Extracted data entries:
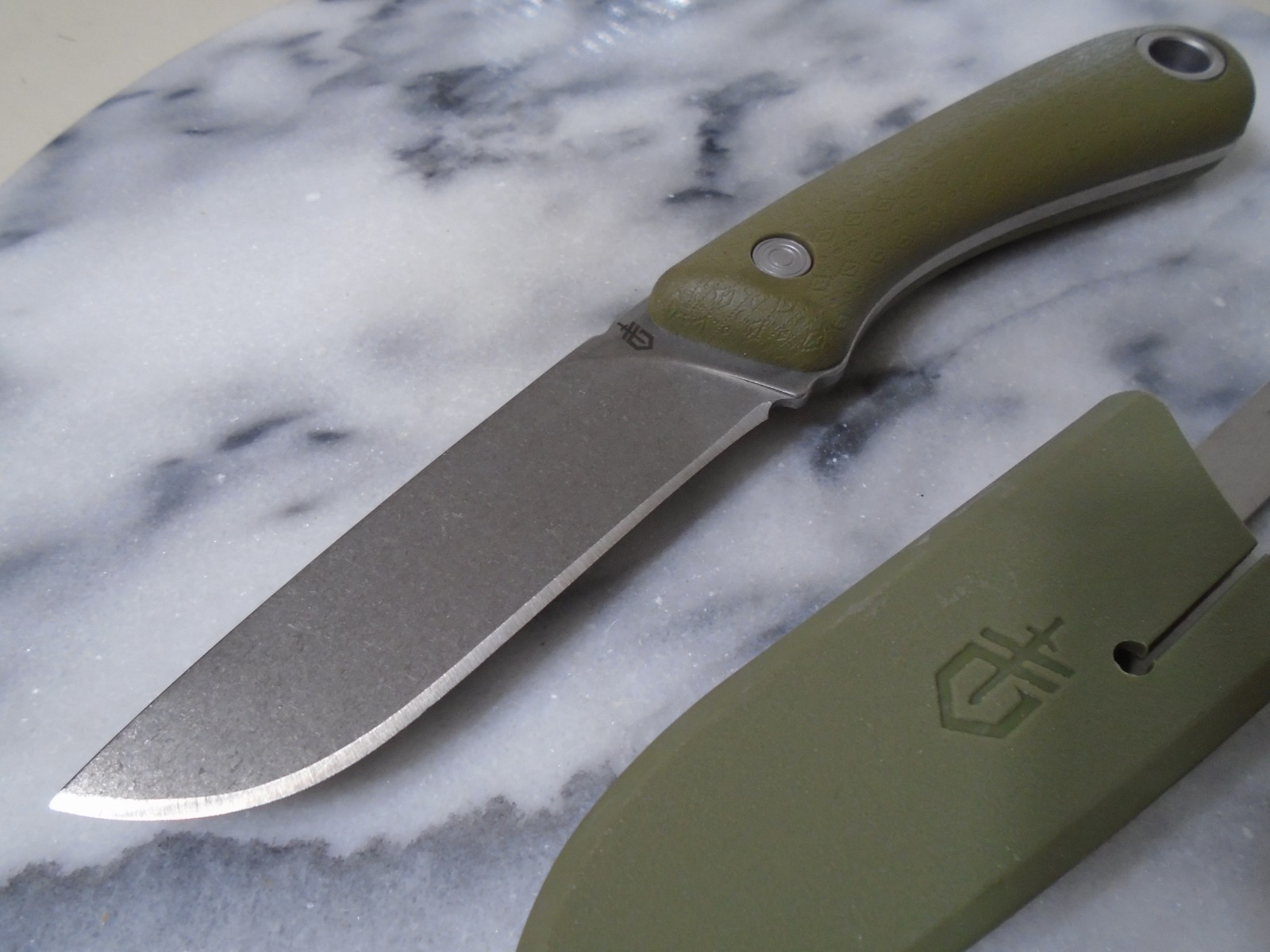 Gerber Spine Fixed Blade Bowie Hunter Knife Full Tang 7Cr17MoV Sage Clip Sheath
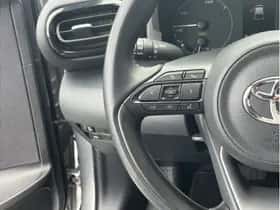 Toyota Yaris (2022) thumbnail 20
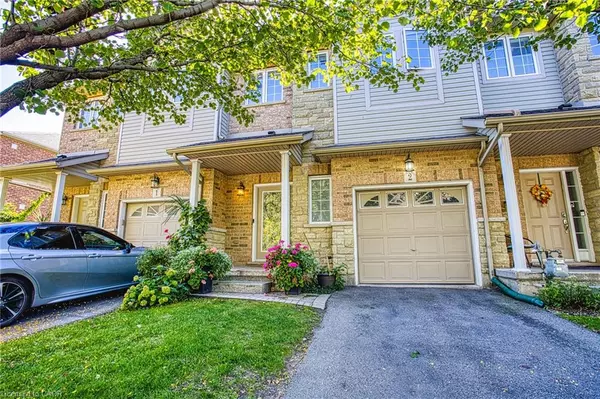 25 Ivybridge Drive #2, Stoney Creek, ON L8E 0A5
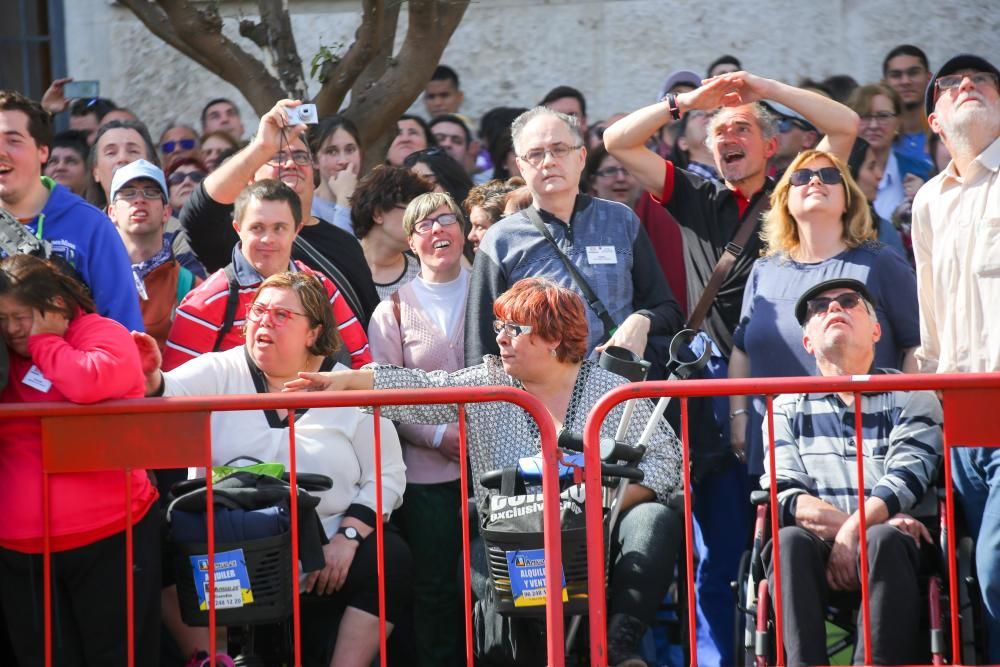 Búscate en la mascletà del 6 de marzo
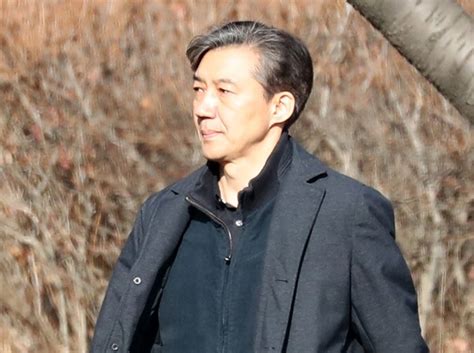 조국 전 장관이 공직자윤리법의 문제점, 또 처벌의 가능성 이런. 조국, 영장심사 이틀 앞두고 부인 정경심씨 면회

◆ What the exercise asks ◆
All of the data above should be transcribed verbatim, with pictures omitted.

◆ Answer for this exercise ◆
 Gerber Spine Fixed Blade Bowie Hunter Knife Full Tang 7Cr17MoV Sage Clip Sheath
 Toyota Yaris (2022) thumbnail 20
 25 Ivybridge Drive #2, Stoney Creek, ON L8E 0A5
 Búscate en la mascletà del 6 de marzo
 조국 전 장관이 공직자윤리법의 문제점, 또 처벌의 가능성 이런. 조국, 영장심사 이틀 앞두고 부인 정경심씨 면회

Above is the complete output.